=== Begin Enclosure ===
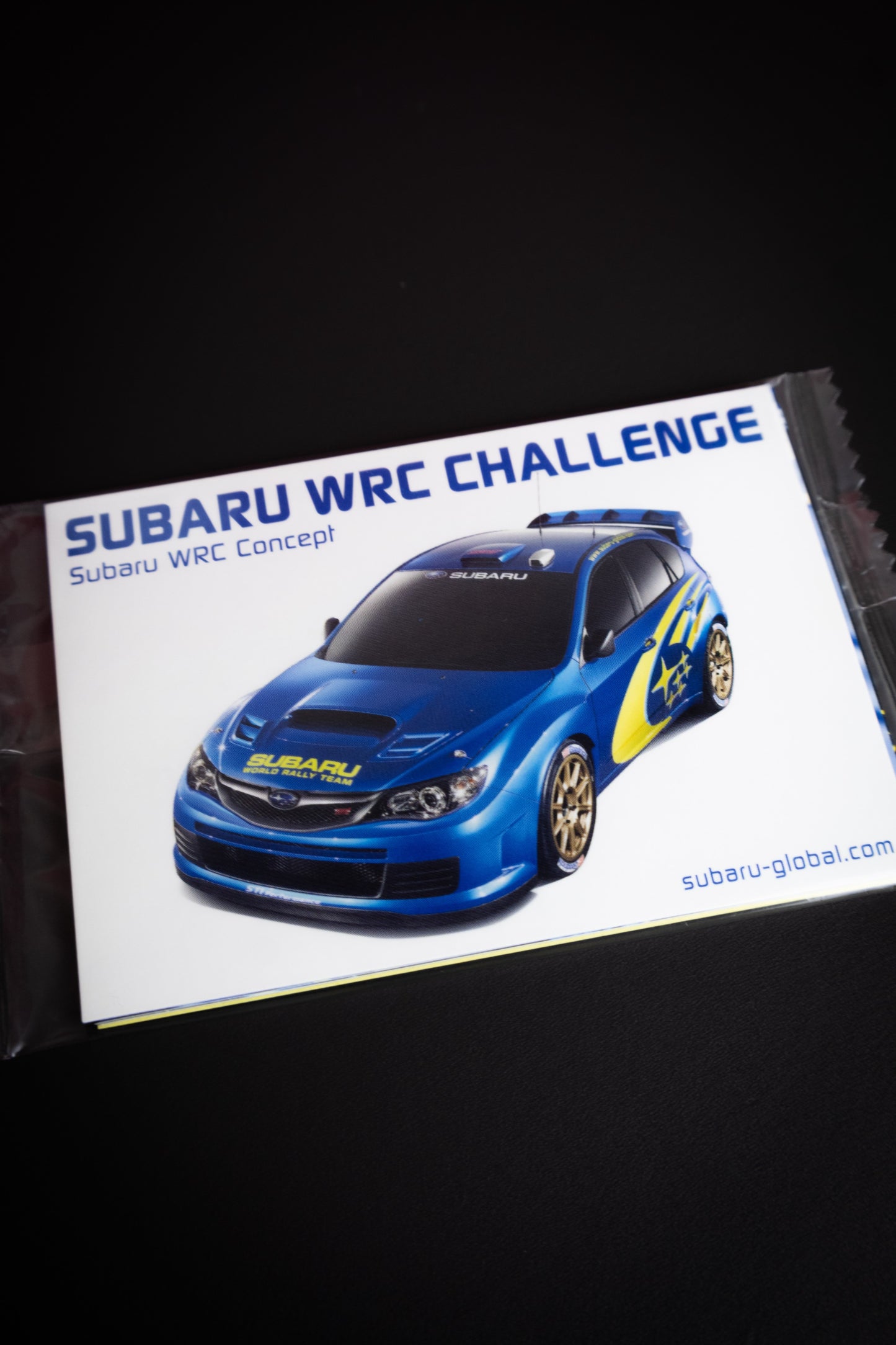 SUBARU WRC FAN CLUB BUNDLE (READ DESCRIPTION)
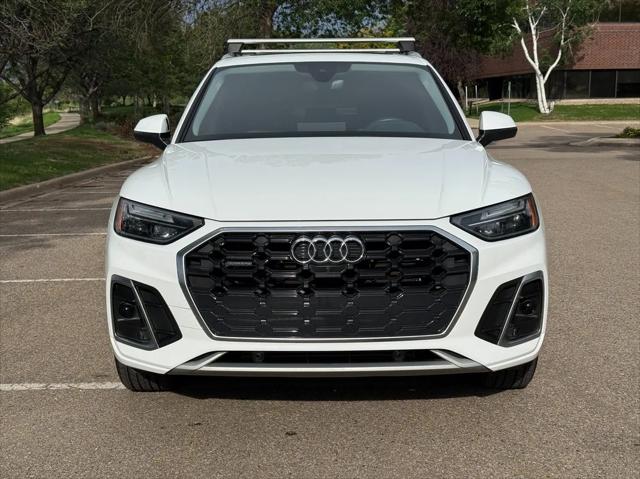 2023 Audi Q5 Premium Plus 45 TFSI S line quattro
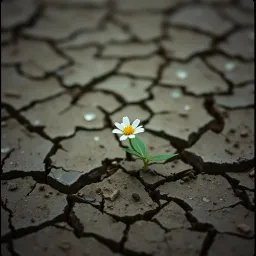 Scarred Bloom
=== End Enclosure ===
▶ [Your assignment]:
Repeat the data above in full and exactly. Omit every image.

▶ [Task output]:
 SUBARU WRC FAN CLUB BUNDLE (READ DESCRIPTION)
 2023 Audi Q5 Premium Plus 45 TFSI S line quattro
 Scarred Bloom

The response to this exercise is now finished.